**WHAT IS NEEDED:** Exclude all pictures from your copy of the data below, which should otherwise match exactly.

Captioned web images:
▬▬▬

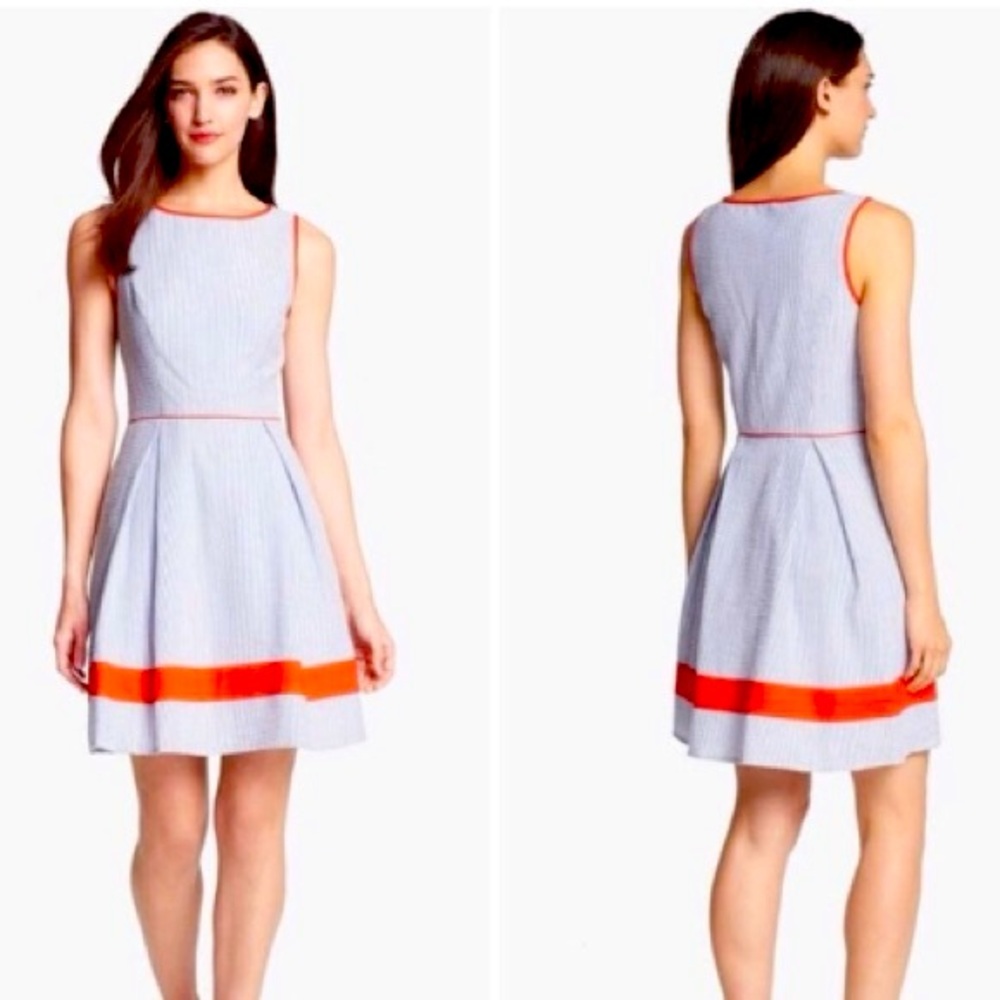 Jessica Simpson Seersucker Dress with Bright Orange Detail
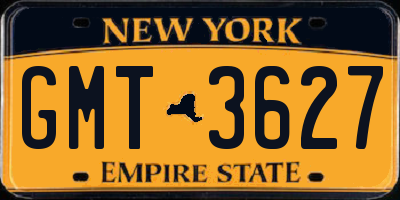 NY license plate GMT3627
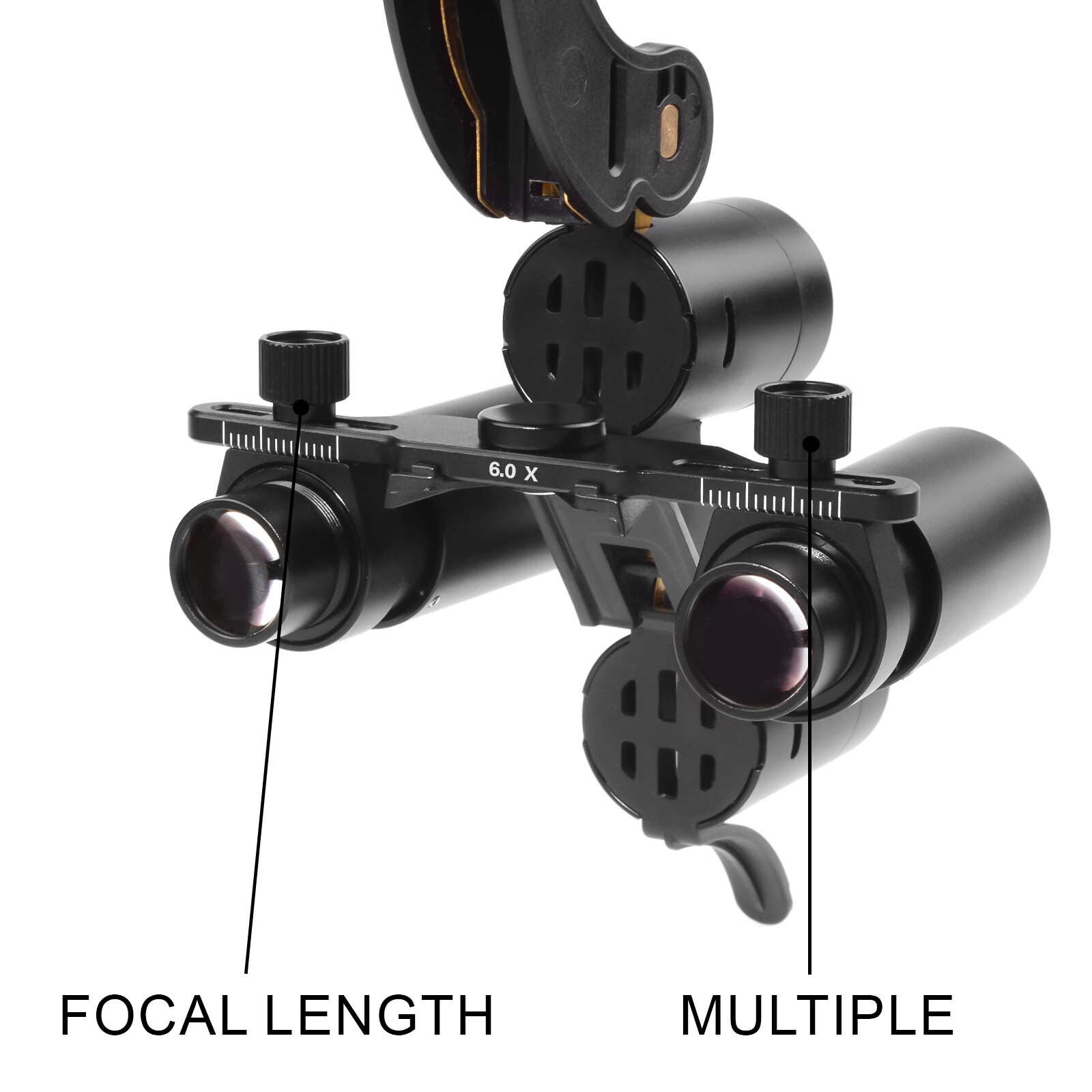 Dental Optical 5W Wireless LED Headlight Two LED Lights+6.0X-420 Loupes+AL-BOX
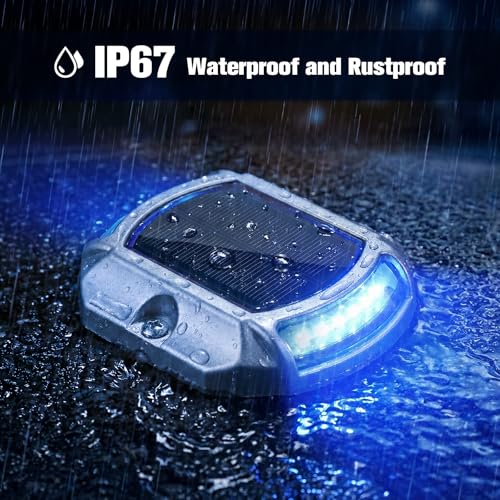 Solar Driveway Dock Deck LED Outdoor Lights 2 Colors Modes 4 Pack (4 count)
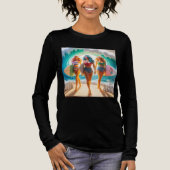 T-shirt En Tri-matière Salty Sisterhood Trio Girls Beach Walk Surfer (Recto)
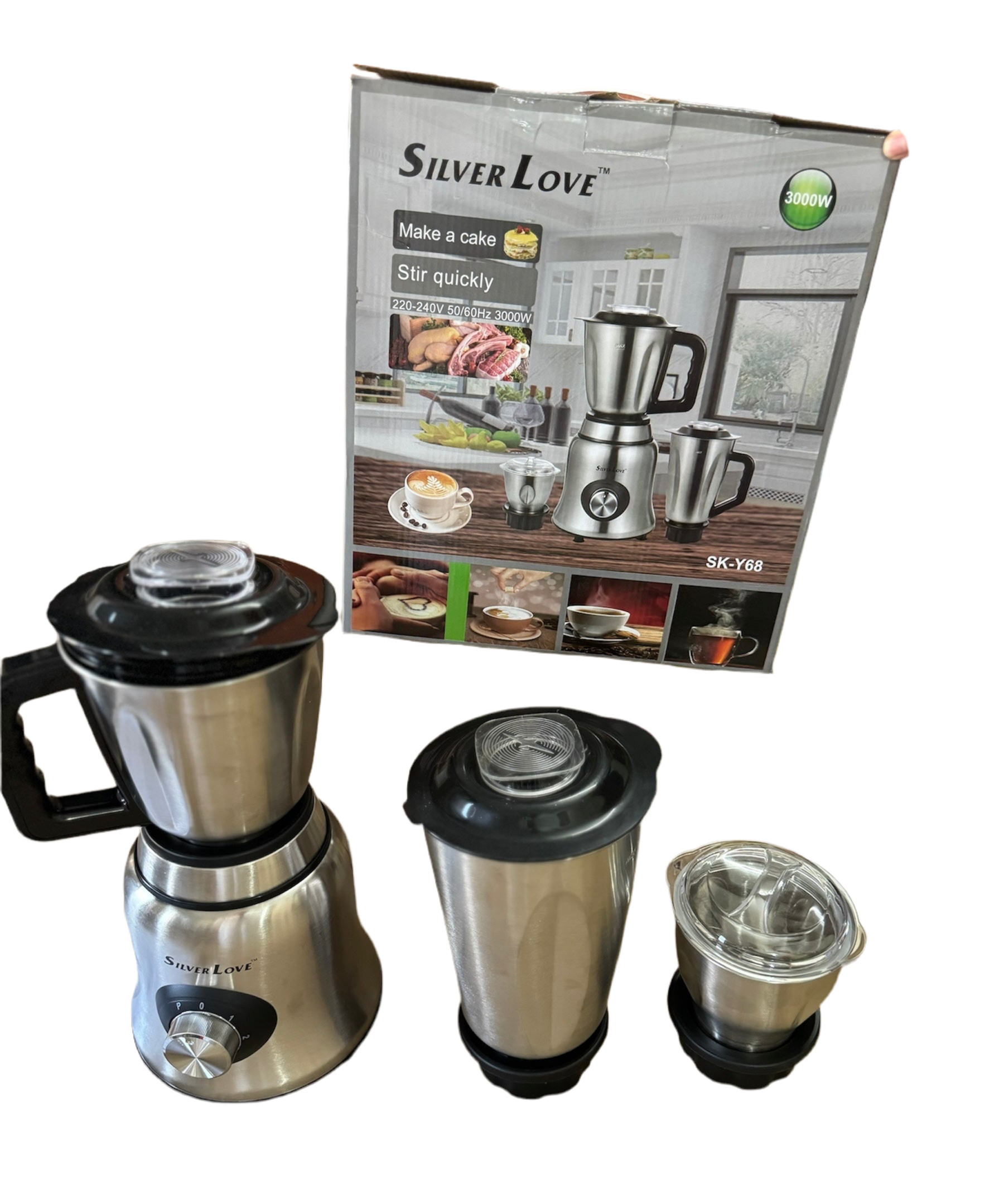 Lot imported Silver love 3 in 1 stainless steel electric blender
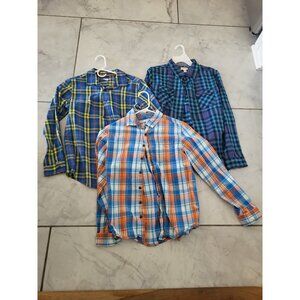 Boy's Lot of 3 Cat & Jack Long Sleeve Button Down Shirts Casual Dress Size Large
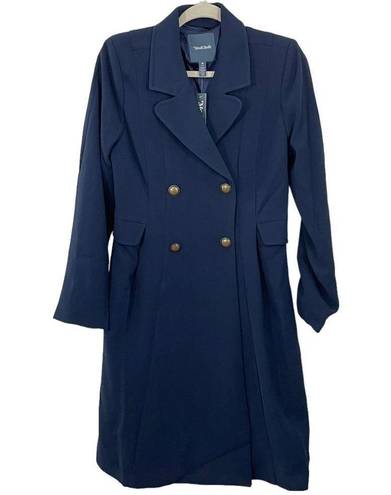 Modcloth NWT  Along for the Ride Navy Blue Crepe Coat Size MEDIUM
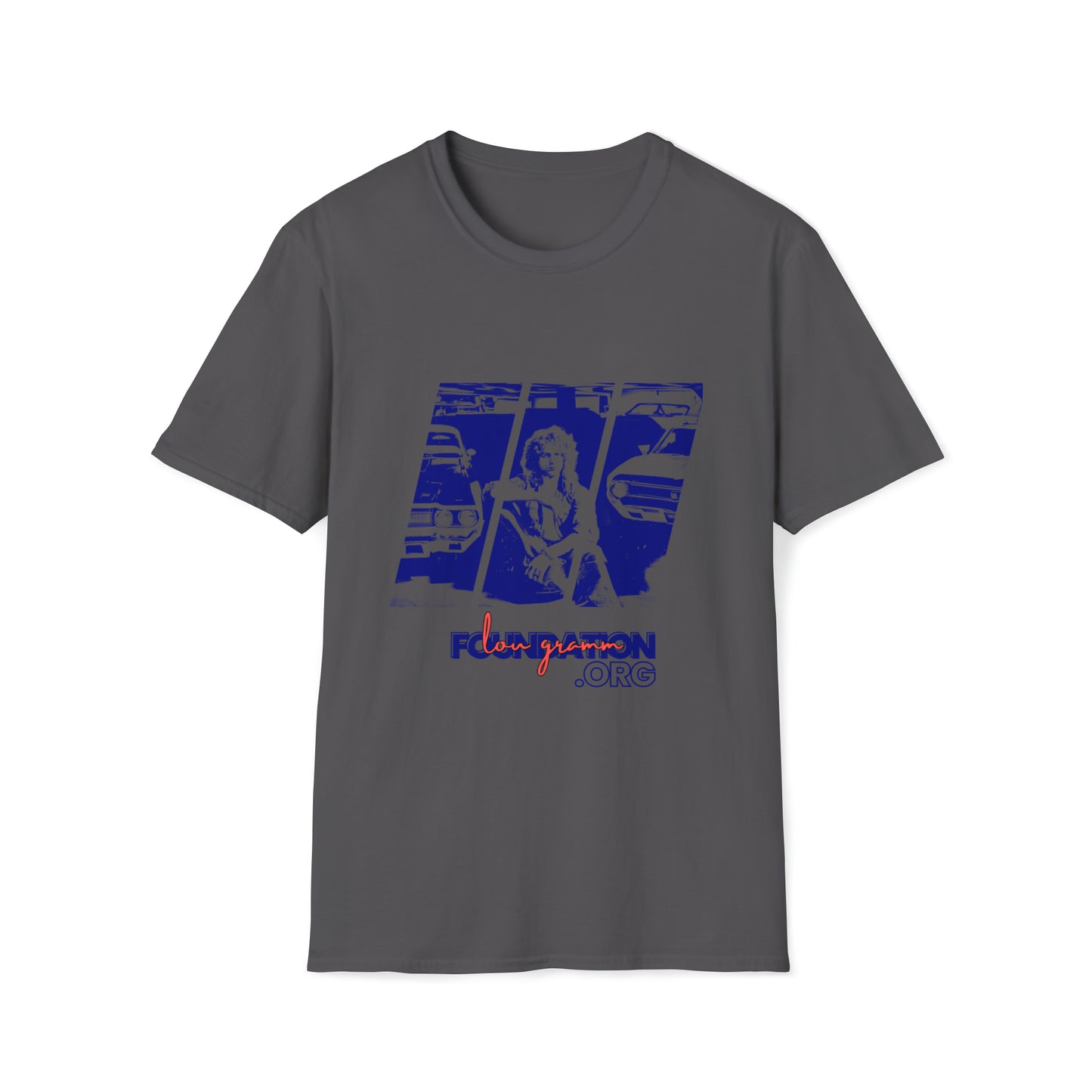 Lou’s Garage Blue logo - Unisex Softstyle T-Shirt
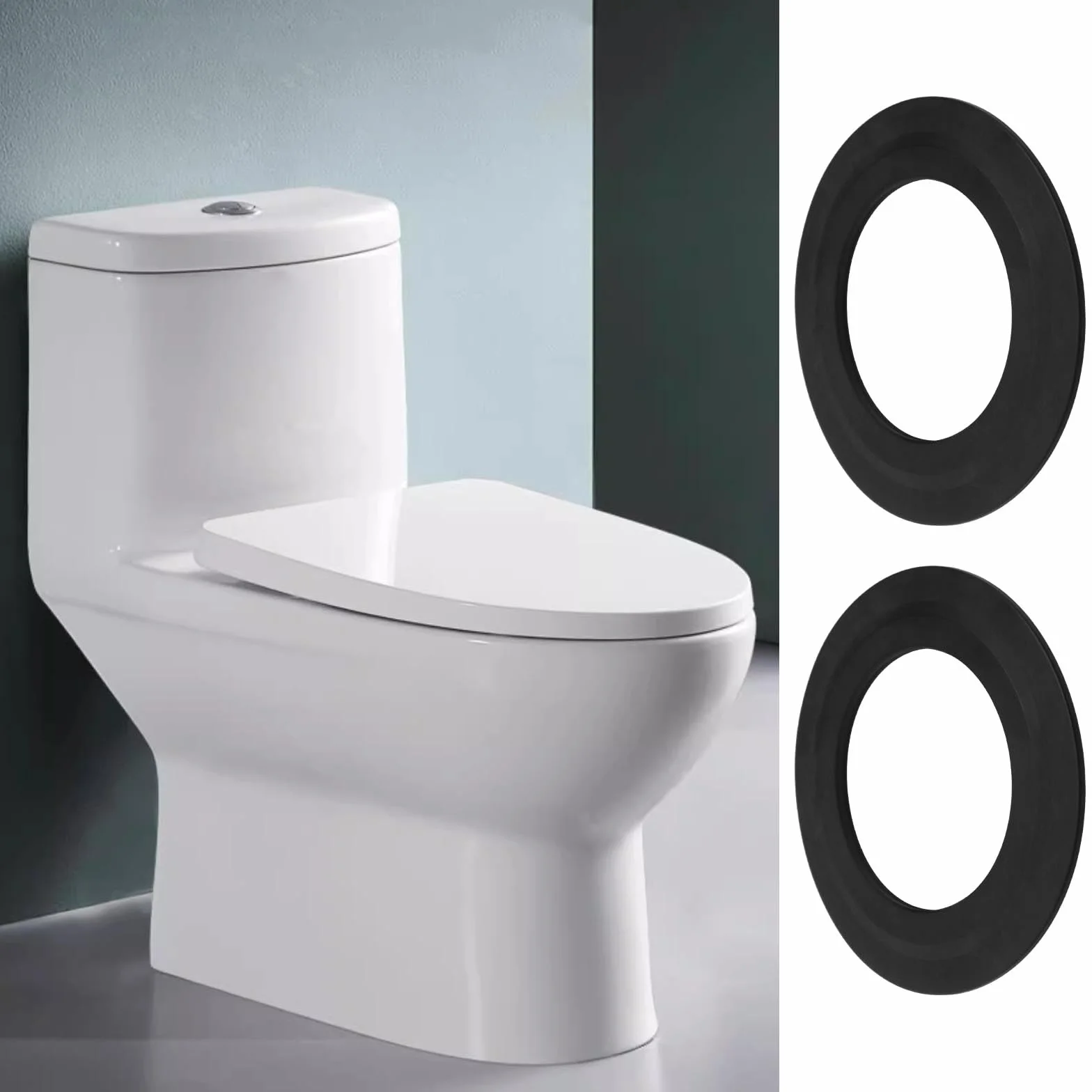 Uszczelka zaworu spłukującego do toalety 43 mm x 71 mm czarna kompatybilna z Siamp Optima 49 50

▬▬▬

**SOLUTION TO THIS PROBLEM:**
 Jessica Simpson Seersucker Dress with Bright Orange Detail
 NY license plate GMT3627
 Dental Optical 5W Wireless LED Headlight Two LED Lights+6.0X-420 Loupes+AL-BOX
 Solar Driveway Dock Deck LED Outdoor Lights 2 Colors Modes 4 Pack (4 count)
 T-shirt En Tri-matière Salty Sisterhood Trio Girls Beach Walk Surfer (Recto)
 Lot imported Silver love 3 in 1 stainless steel electric blender
 Boy's Lot of 3 Cat & Jack Long Sleeve Button Down Shirts Casual Dress Size Large
 Modcloth NWT  Along for the Ride Navy Blue Crepe Coat Size MEDIUM
 Lou’s Garage Blue logo - Unisex Softstyle T-Shirt
 Uszczelka zaworu spłukującego do toalety 43 mm x 71 mm czarna kompatybilna z Siamp Optima 49 50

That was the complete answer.